The Oriental, or, Tung-Ngai San-Luk
Description
Newspapers in foreign languages catering to the growing immigrant populations popped up throughout the antebellum era. They appeared in German, French, Spanish, Italian, Polish, Welsh, Swedish, Norwegian, Danish, Dutch, and Hawaiian.
Chinese newspapers were also periodically published, but the character-based rather than letter-based language proved particularly challenging to printers. Whereas all of the other languages listed above could use common letterpress type, the same would not work for Chinese, with its thousands of characters. The solution for early Chinese papers was lithography, which used grease pencils on special stones to print instead of individual pieces of type.

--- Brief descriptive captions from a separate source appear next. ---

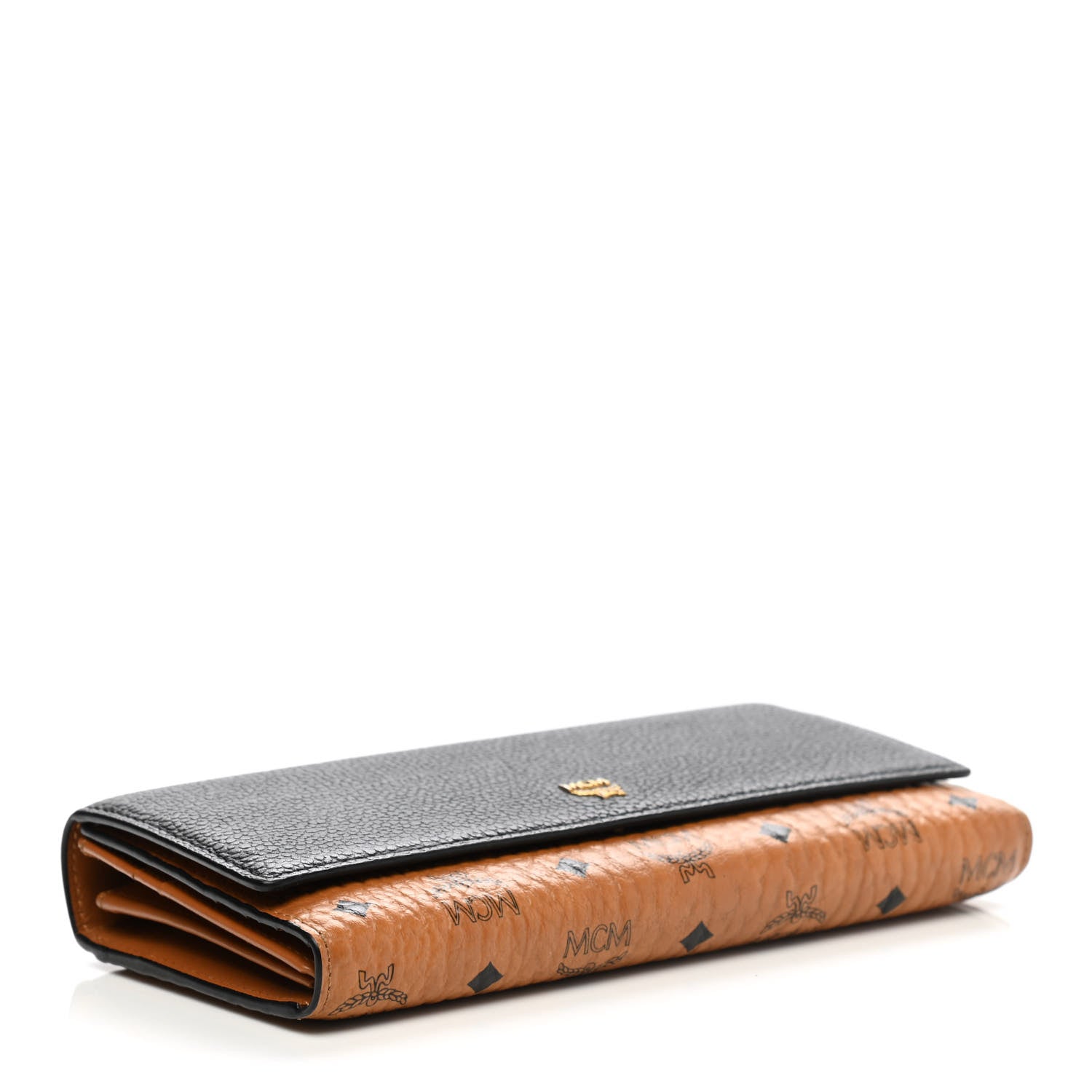 MCM Visetos Grained Calfskin Corina Two Fold Wallet Tan 4 of 13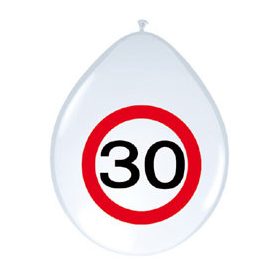   Szám, Számos latex lufi 11" 28cm 8db 30-as számmal, sebességkorlátozó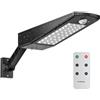 NONE Luce Solare da Esterno con Sensore di Movimento a Infrarossi 120 ° Faretti solari per esterni, luci di sicurezza per esterni impermeabili IP65, con telecomando a 4 modalità 【48 LED/ 4500 mAh】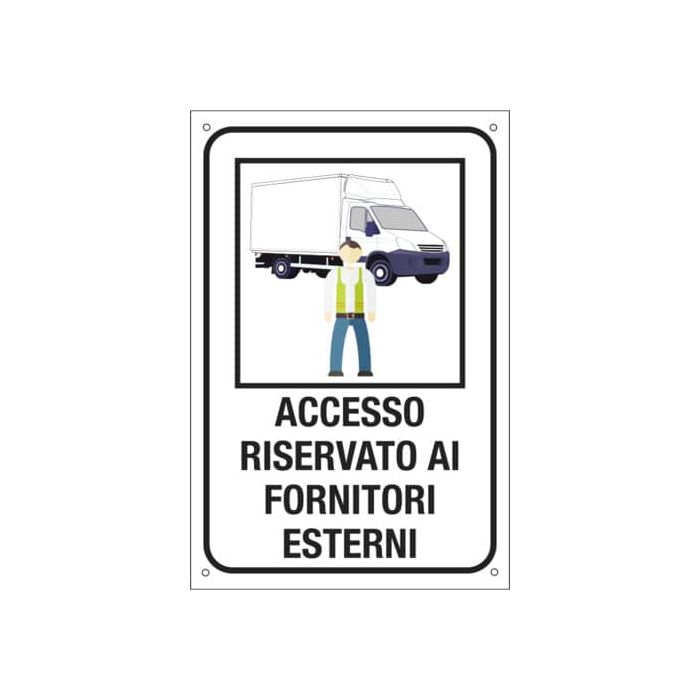 Etichetta informativa 20x30 cm Cartelli Segnalatori ''Accesso riservato ai fornitori esterni'' - 35346S main product photo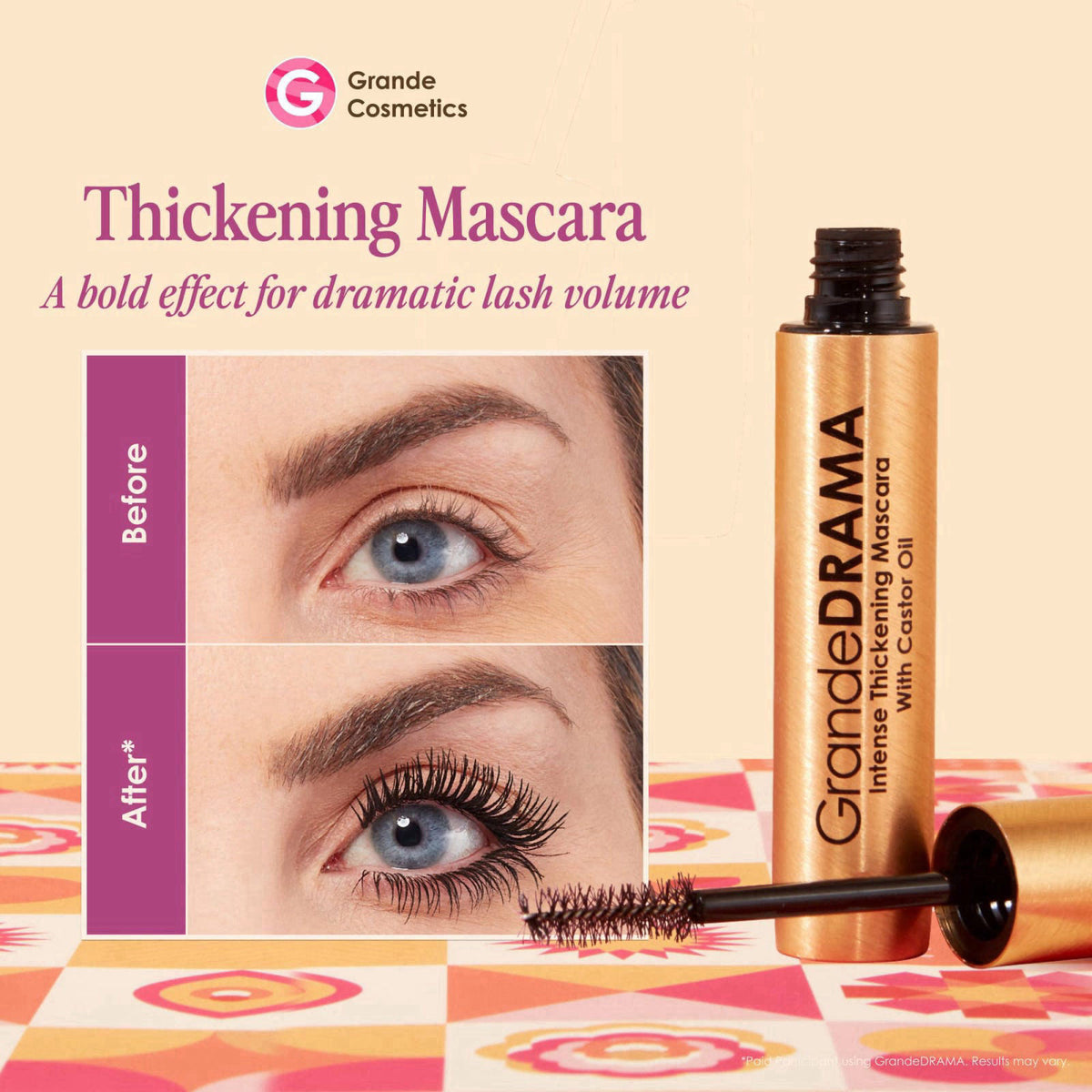 Grande Cosmetics GrandeDRAMA Intense Thickening Mascara, Black, 0.32 oz – close-up detail in Black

Seen here is the second Chinese-language newspaper established in the United States, The Oriental; or, Tung-Ngai San-Luk, first published in January 4, 1855, and edited by the Reverend William Speer (1822-1904), a Presbyterian minister. Though its publication schedule was often inconsistent, it was initially intended to be published triweekly in Chinese and weekly in English. This was later changed to weekly in Chinese, monthly in English. It lasted just two years, folding in 1857. (The first Chinese-language newspaper, the Chin Shan Jih Hsin Ju; or, Golden Hill’s News, published in San Francisco in 1854, lasted for only a few months.) No Chinese newspapers were attempted again until the 1870s when a number of titles began in San Francisco.